TASK DIRECTIONS: Give again only what runs from the line with "2021 Chevrolet Trailblazer" to the final line of the entries below, exactly as written and without pictures.

Saved data entries:
···
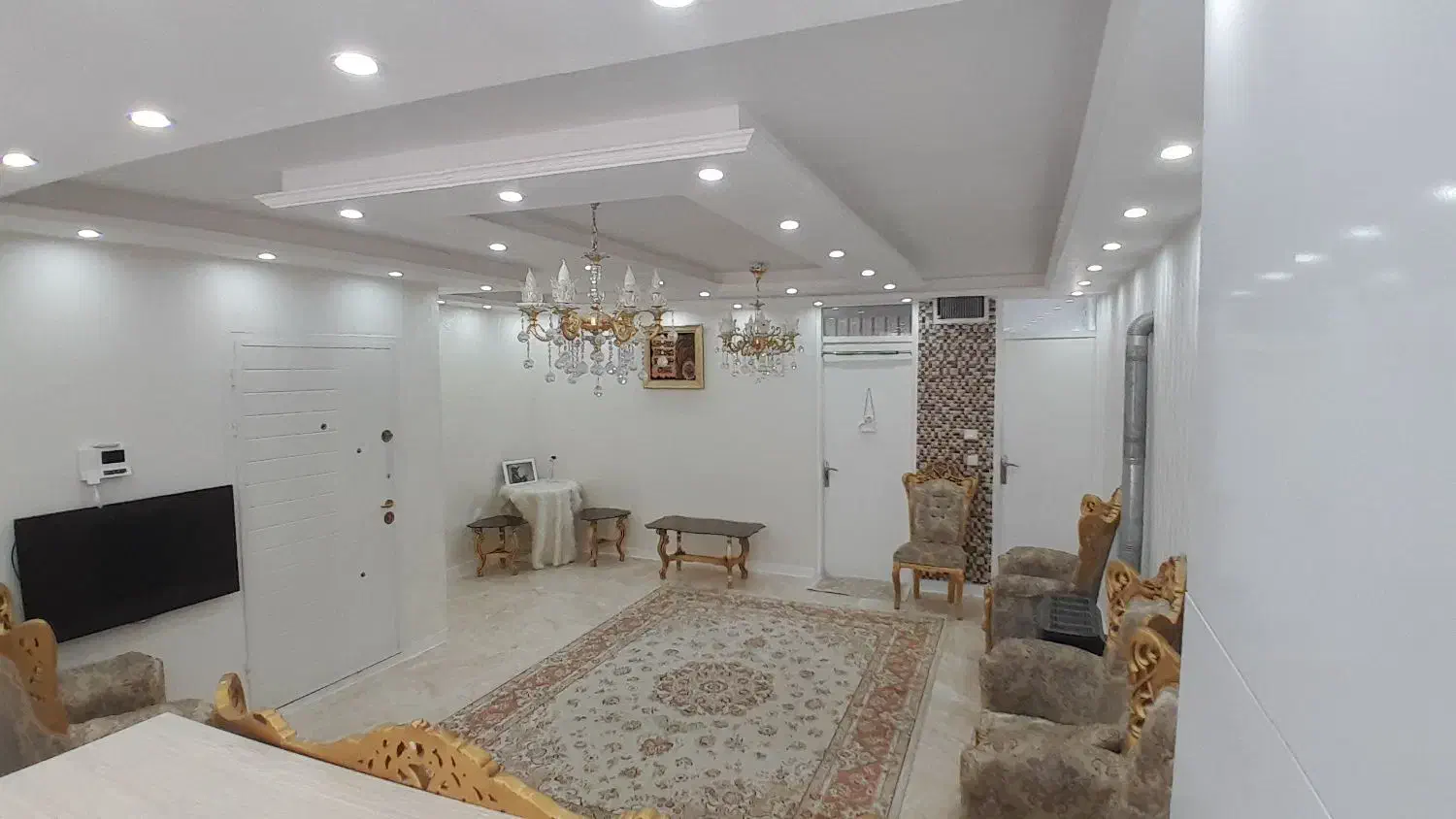 فروش آپارتمان شاهین ویلا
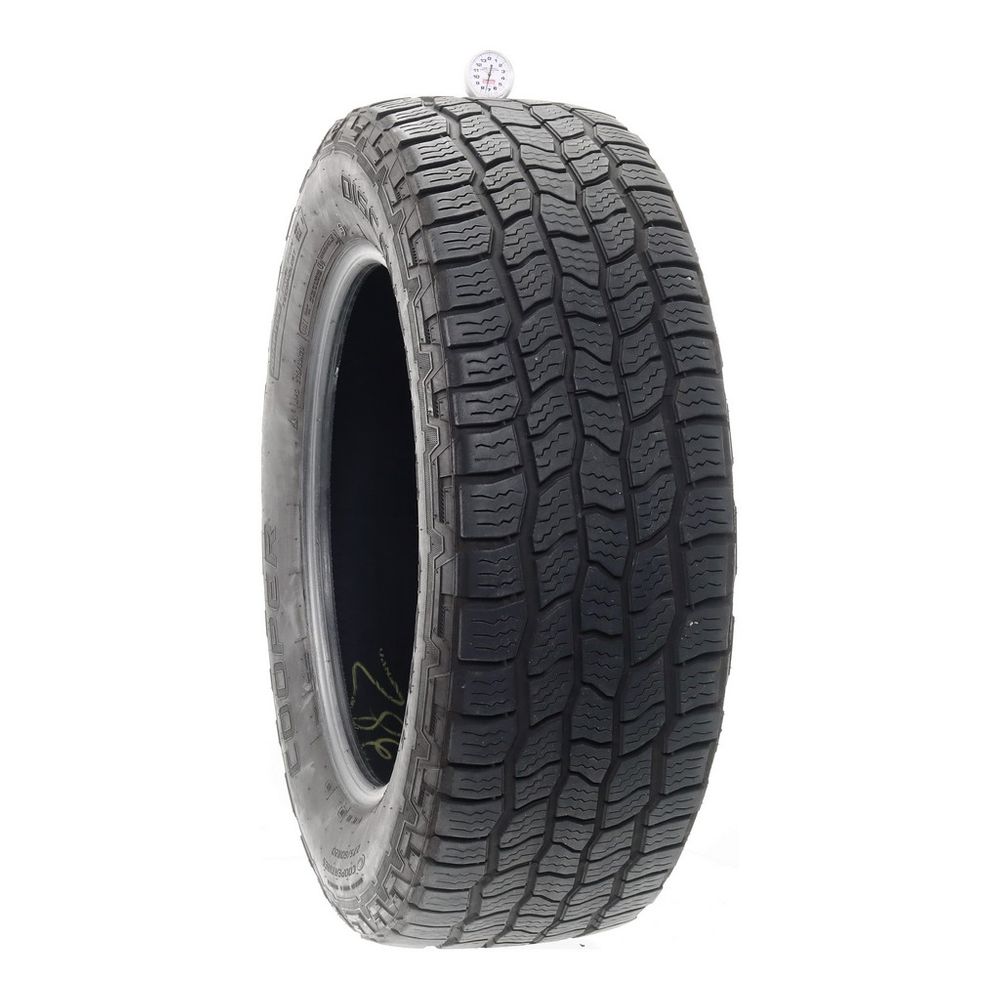 Set of (2) Used 275/60R20 Cooper Discoverer AT3 4S 115T - 7-7.5/32 - Image 4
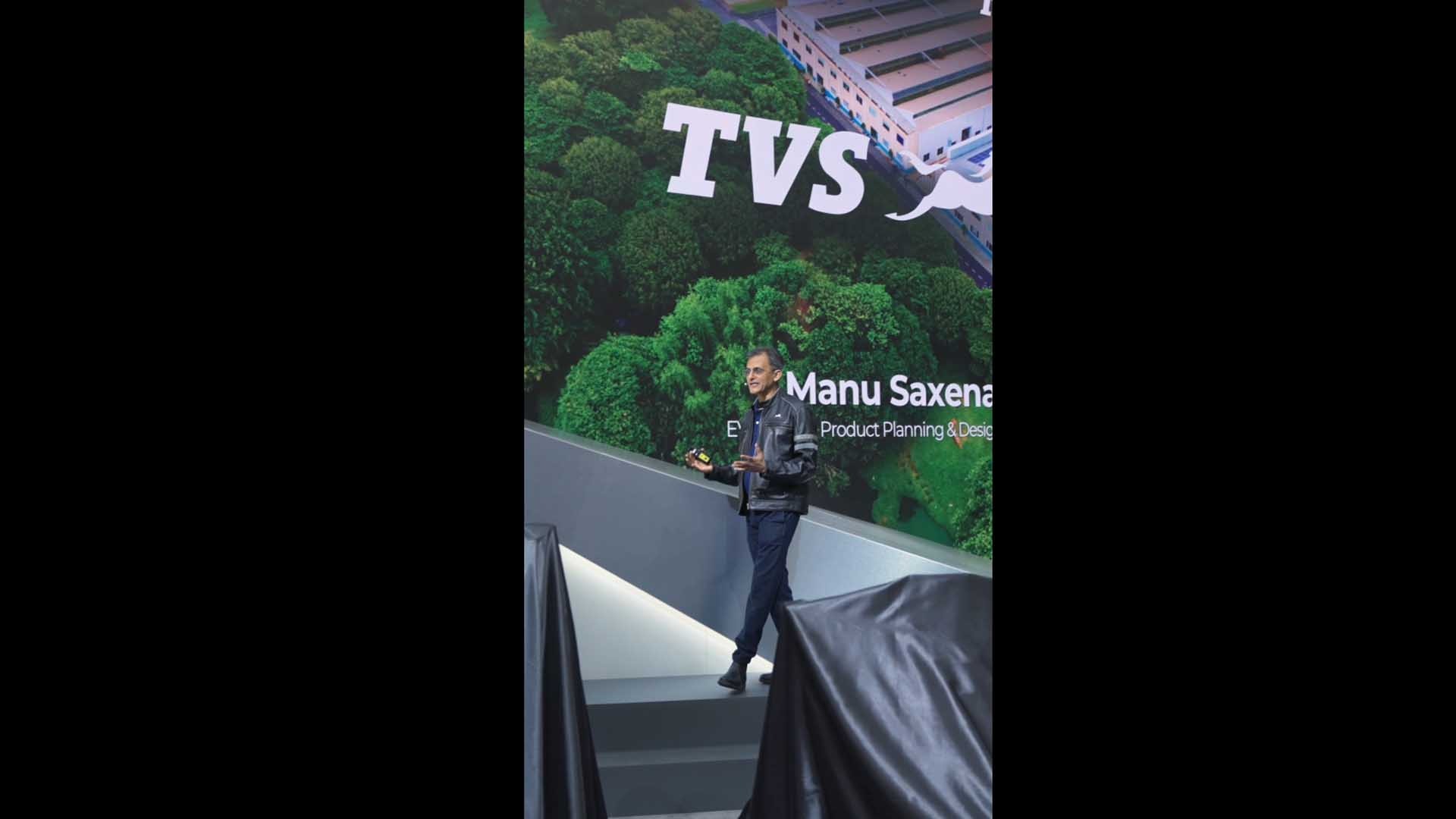 TVS Motor Company - EICMA (ITALY - 2025)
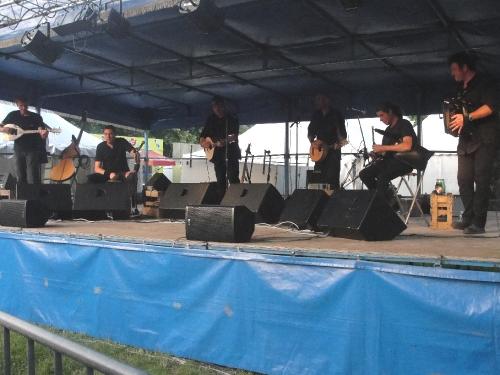-La Fête de la Musique à Châtillon sur Seine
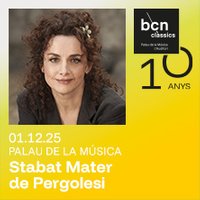 Stabat Mater de Pergolesi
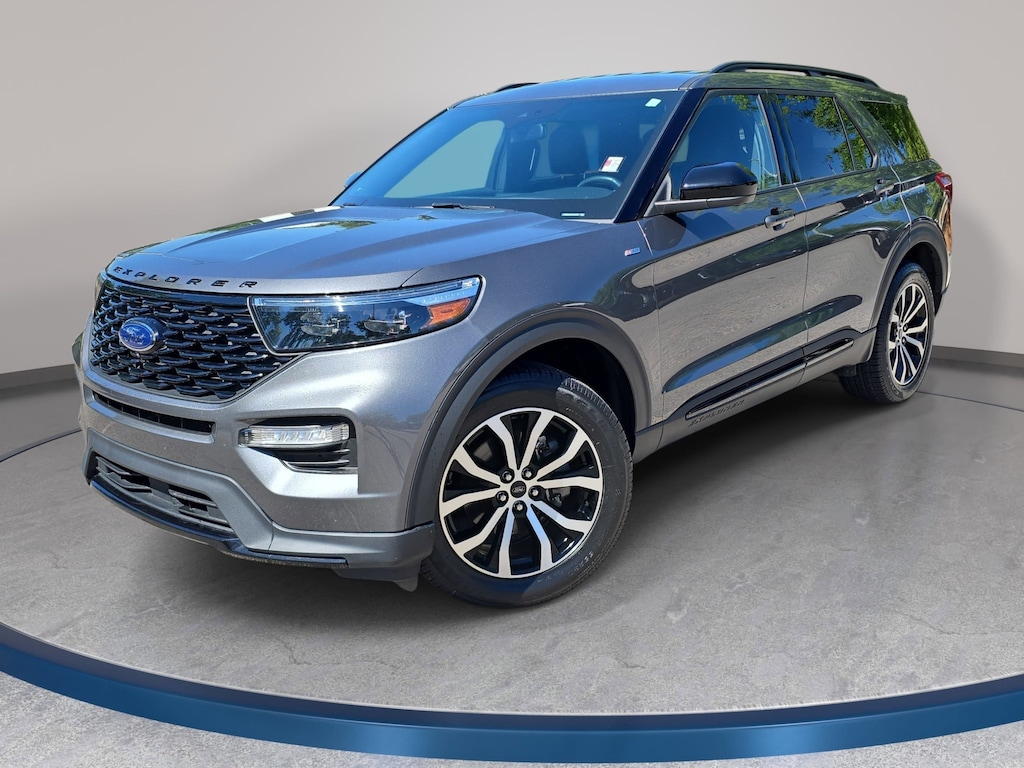 Used 2023 Ford Explorer ST-Line SUV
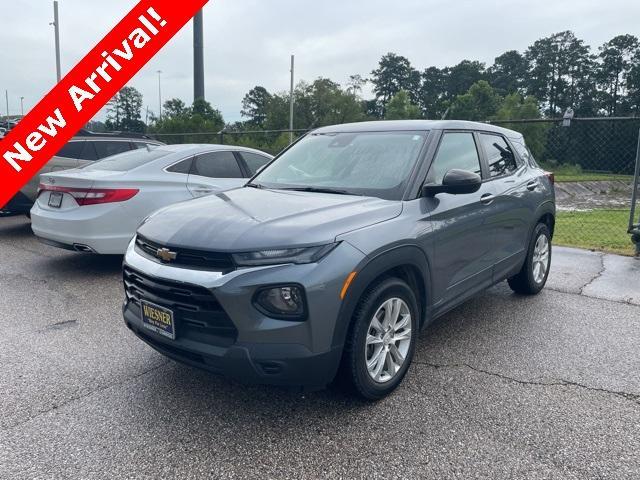 2021 Chevrolet Trailblazer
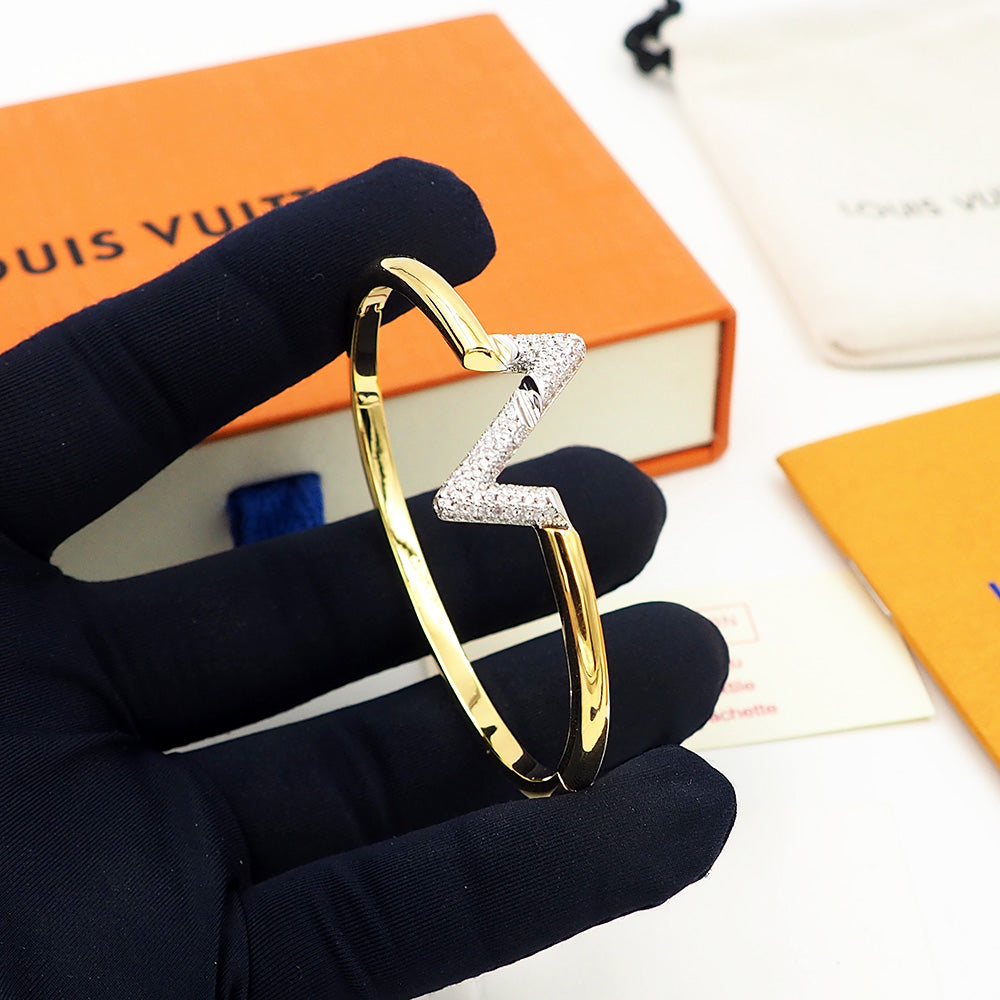 Louis Vuitton Volt Upside Down Bracelet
···
REPLY TO THE TASK:
 2021 Chevrolet Trailblazer
 Louis Vuitton Volt Upside Down Bracelet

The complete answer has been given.